California's landmark digital privacy law enacted less than two weeks ago is the most sweeping consumer data protection law in the United States. The California Consumer Privacy Act of 2018, or CCPA, will apply to more than 500,000 companies in the United States alone. It will also potentially affect global companies that do business in California and collect the personal information of the state's consumers.

The new law gives consumers unprecedented control over their personal information including the right to know what information companies are collecting about them, how it is used, and if it is sold to third parties. Consumers will also have the right to prohibit companies from sharing their personal data.

The bill was pushed through the state's legislature and signed by the governor hours before a deadline to remove from the November ballot an initiative that contained even tougher data security requirements. While the law is far from clear in many respects, the looming question is whether its core consumer protections will serve as a blueprint for other states in passing similar legislation.

The new requirements created by CCPA will drive dramatic changes in how businesses handle the personal information of California's consumers requiring covered companies to overhaul their databases and tracking technologies. New compliance regimes will also be needed to monitor consumer requests and demonstrate that organizations are following the new rules.

Although the law does not go into effect until January 2020, industry organizations are already digging in and demanding changes to CCPA, with some critics calling the law "unworkable." But unless the California legislature is convinced to amend the statute, companies will need to start preparing now to ensure their compliance.
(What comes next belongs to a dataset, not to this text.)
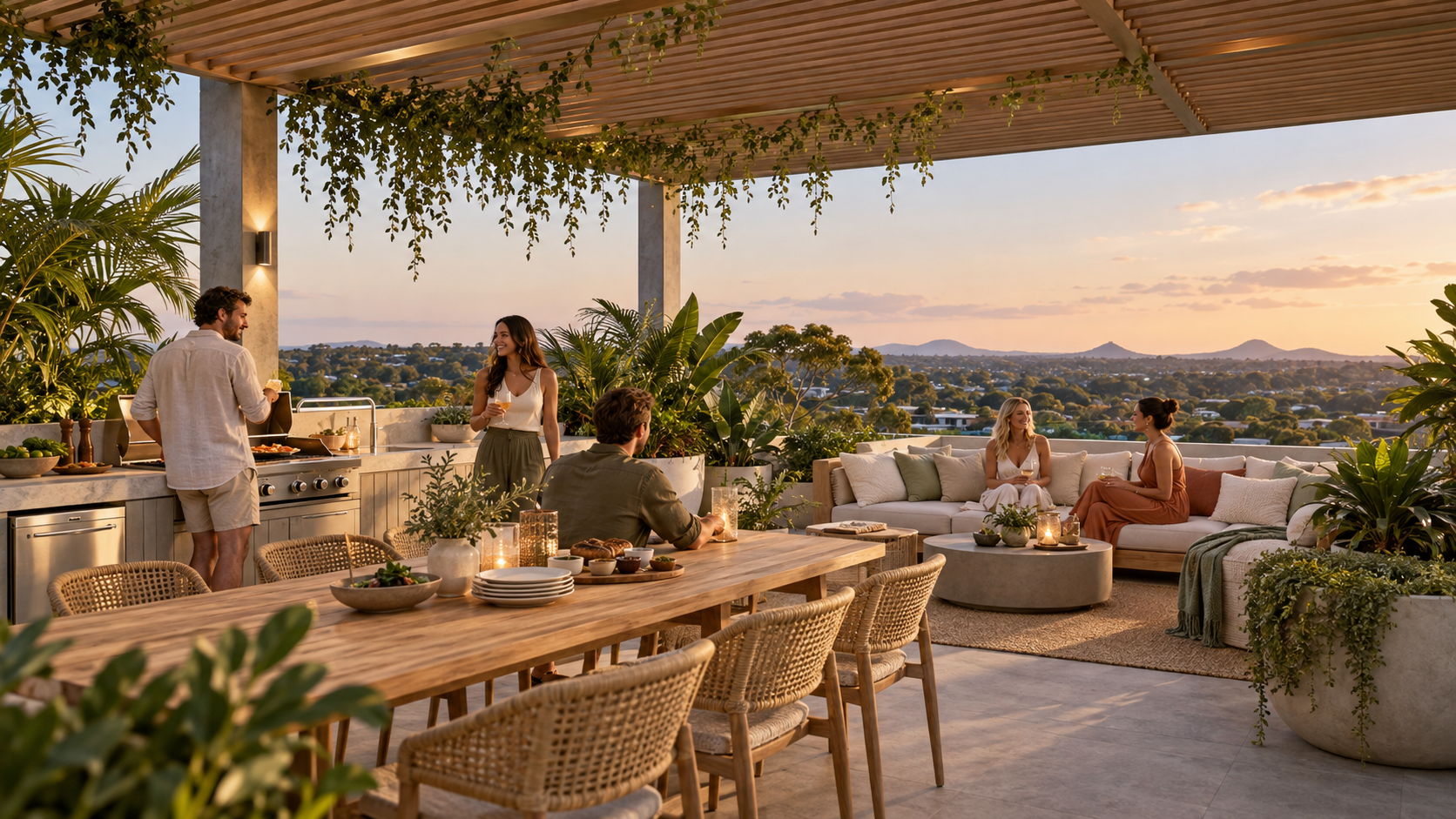 Artist's impression of a rooftop terrace with seating, pergolas and coastal views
In this Alert, we outline the key features of CCPA.

What new rights are created by the law? In broad terms, the new rights created by CCPA fall into four broad categories:

  • Right to Know. Consumers may request disclosure of the categories and details about the specific information collected about them, their sources, purpose of collection, and what information is shared with third parties.
  • Right of Deletion. Consumers may request that a business delete any personal information it has collected about them, subject to several exceptions.
  • Right to Opt Out or Opt In. Consumers may opt out of any sale of their information to third parties.
  • Right of Equal Service. Covered businesses are prohibited from discriminating against consumers exercising any of their rights under CCPA, including through pricing and quality of goods or services, unless different treatment is "reasonably related to the value provided to the consumer by the consumer's data." Businesses, however, are free to offer reasonable financial incentives to consumers related to the collection, sale, or deletion of their personal information.
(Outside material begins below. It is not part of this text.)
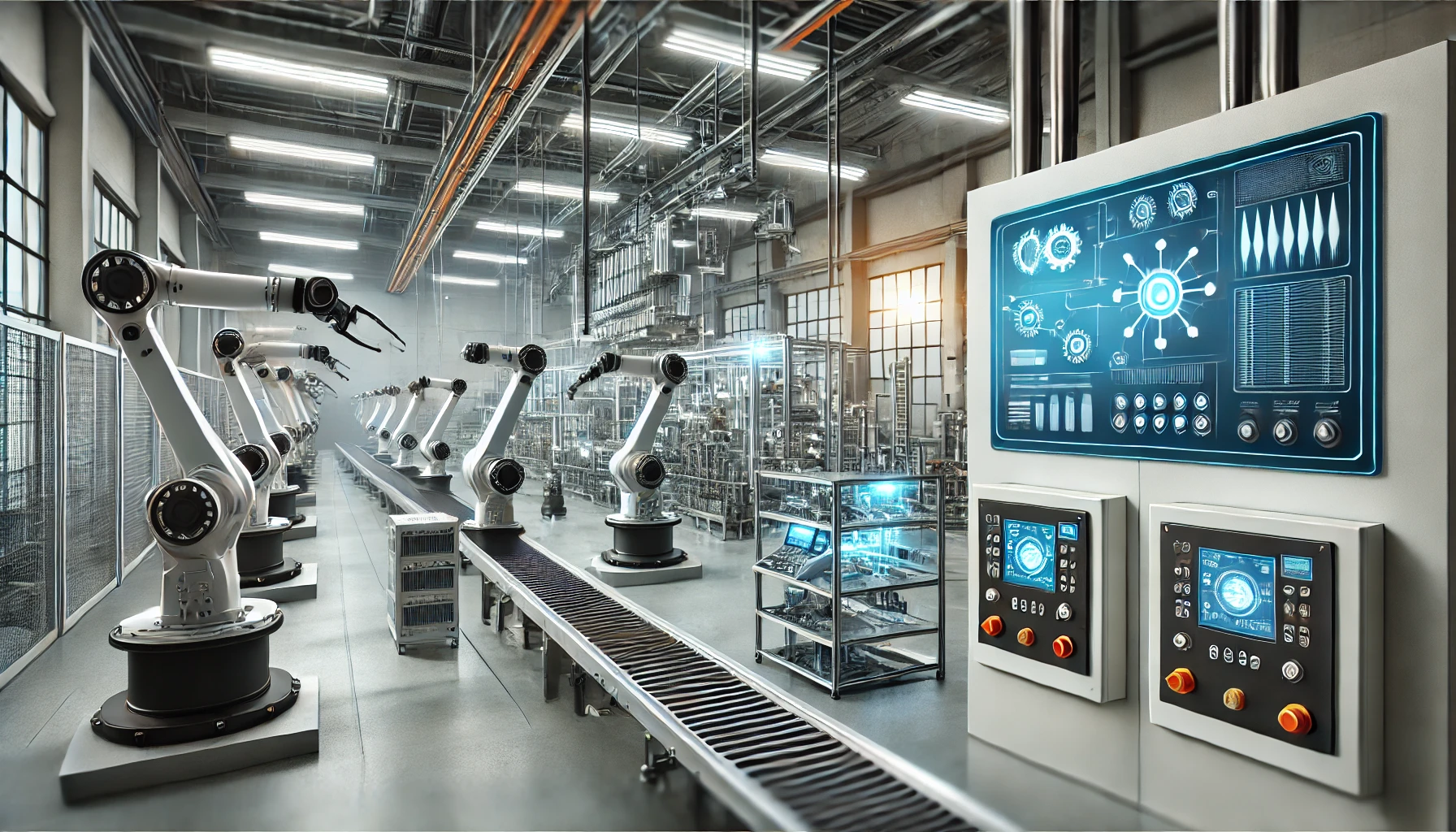 Modern industrial setting showcasing Automation and Control Systems with robotic arms and control panels.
What companies are affected? A covered "business" is any for-profit entity that "does business in the state of California;" has at least $25 million in annual revenues; holds the personal data of 50,000 people, households, or devices; or that receives at least half of its revenue in the sale of personal data. Practically speaking, this far-reaching definition will cast a wide net, sweeping up small, yet profitable, businesses that do business in California, wherever located. The law contains a series of exemptions such as healthcare data covered by the Health Insurance Portability and Accountability Act, consumer report data governed by the Fair Credit Reporting Act, and personal information collected pursuant to the Gramm-Leach-Bliley Act. But the law, as written, applies to entities covered by these laws if they collect and process other information about California consumers.

What information is affected? CCPA's definition of personal information is uniquely broad, including any information that identifies or relates to, directly or indirectly, a particular consumer. Examples include:

  • Unique Identifiers. This category includes a consumer's name, alias, postal address, unique identifier, internet protocol address, electronic mail address, account name, Social Security number, driver's license number, and passport number.
  • Protected Classifications. This category covers protected classifications under California or federal law (such as race, gender, disability, and others protected by antidiscrimination laws).
  • Commercial Information. This category includes records of property; products or services provided, obtained, or considered; or other purchasing or consuming histories or tendencies.
  • Internet Data. This category includes internet or other electronic network activity information, including but not limited to browsing history, search history, and information regarding a consumer's interaction with a website, application, or advertisement.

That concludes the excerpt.